El hombre se acercó a ella con cuidado y le levantó la ropa con miedo a que el payaso lo interpretase de otra manera, pero no dijo nada y le dejó inspeccionar la herida de bala.
-No hay tiempo de avisar al cirujano, seguramente hayan huido todos a excepción de los guardias. ¡Y Josef estará cada vez más cerca! –Aulló histérico. Pennywise enfureció y le agarró fuertemente por la bata levantándole los pies del suelo.
-¡Pues entonces dime qué tengo que hacer para salvarla!- gritó colérico. Simmons estaba aterrorizado. -¡Ella me dijo que podía hacer muchas cosas, y por tu culpa no estoy a pleno rendimiento! –Dijo con desesperación en su voz, Simmons sacó del bolsillo de su bata un frasco con un líquido ámbar.
-Bébete esto y lo estarás. Es el antídoto. –Pennywise le soltó de pronto haciéndole casi caer y miró con recelo el frasco, pero aún así lo tomó de un trago y Simmons corrió al baño a por toallas y agua caliente.
Pennywise notaba que la cabeza le daba vueltas y cayó al suelo de rodillas. La consecuencia fue que Mussa empezó a perder esa mirada gris y su sangre salía con normalidad, la que flotaba cayó de pronto manchando su cuerpo y la cama blanca. Simmons regresó viendo que todo se salía de control intentando detener la hemorragia.
-¡Por Dios!- ¡Recupérate!- Le chilló al payaso mientras presionaba sobre la herida. Las toallas blancas tornaron en un rojo intenso manchando las manos del director del hospital. El hombre lloraba desquiciado pensando en que se desmayaría si eso no se detenía ya. -¡RECUPÉRATE YA!- gritó mirando hacia arriba implorando a Dios que interviniera.
Se llanto quedó acallado en el acto con el cuerpo temblándole de miedo y angustia cuando notó que algo bajo las hacía fuerza hacia el exterior. Al apartar las manos, las toallas salieron disparadas al suelo y algo rodó de entre ellas. Al lado Pennywise estaba de pie con los ojos más brillantes que el sol, y de pronto toda la sangre parecía correr de nuevo al interior del cuerpo de la joven.
Tras unos agónicos minutos, la herida ya estaba cerrada y Pennywise se aproximó a tomar el cuerpo de Mussa entre sus brazos sentándose en su cama e intentando despertarla moviéndola suavemente. Ella no se movía, estaba pálida y mortalmente fría.

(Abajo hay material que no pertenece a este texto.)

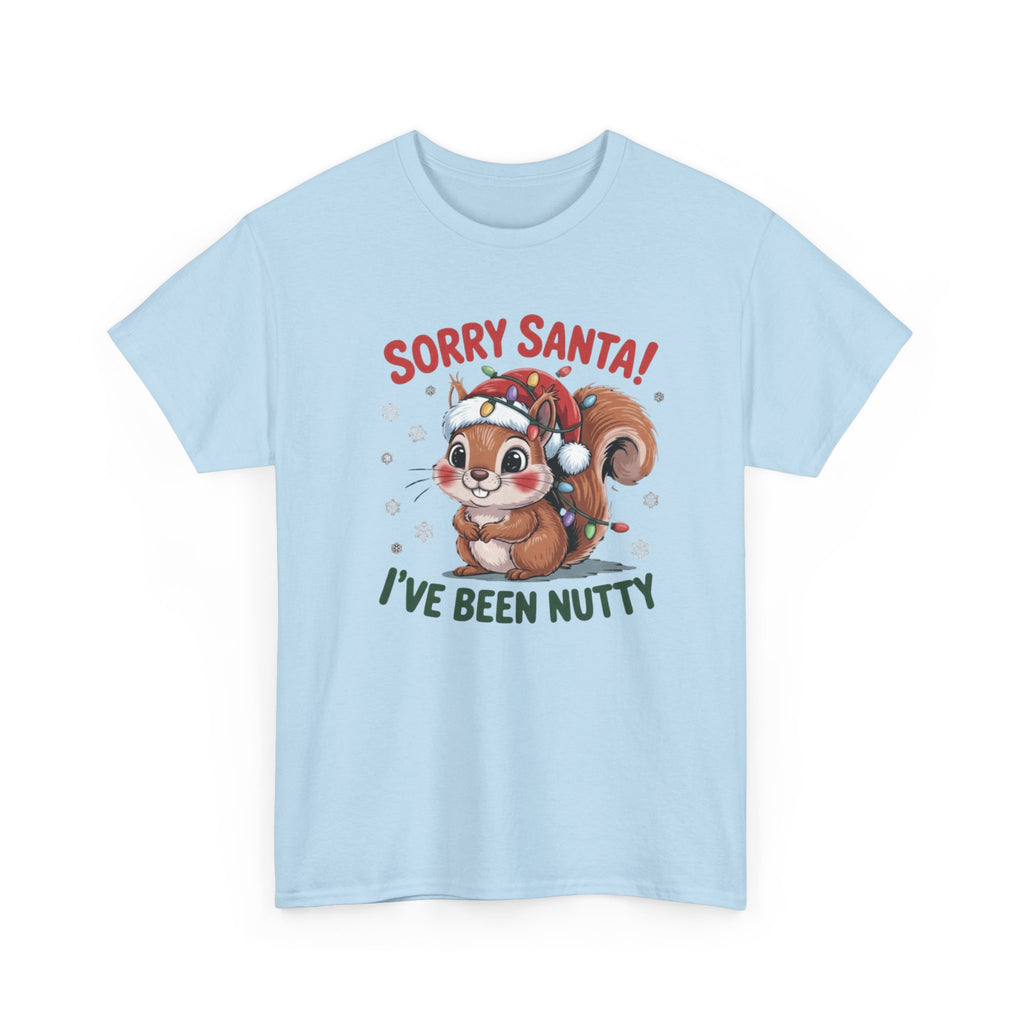 Sorry Santa I've Been Nutty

-Mussa... –Llamó Pennywise suavemente acariciando su cara. –Despierta, preciosa. Tenemos que irnos.- Siguió meciéndola mientras grandes lágrimas caían por sus mejillas hasta caer sobre su piel. –Mussa, si tú mueres muero yo… -susurró cerrando los ojos con fuerza y enterrando su cara en el cuello de la chica. –Te amo… -Simmons veía la escena sobrecogido, jamás imaginó que ese ser pudiera tener ese tipo de sentimientos. Se echó a llorar en silencio abrazándose a sí mismo.
-También te… amo…
Ambos hombres abrieron los ojos con sorpresa al escuchar la voz apagada y sin fuerza de Mussa. Pennywise la miró abatido, ella sonreía levemente con los ojos entornados y él con cuidado se agachó acurrucándose en su cuello sintiendo que si la hubiera perdido, habría muerto con ella.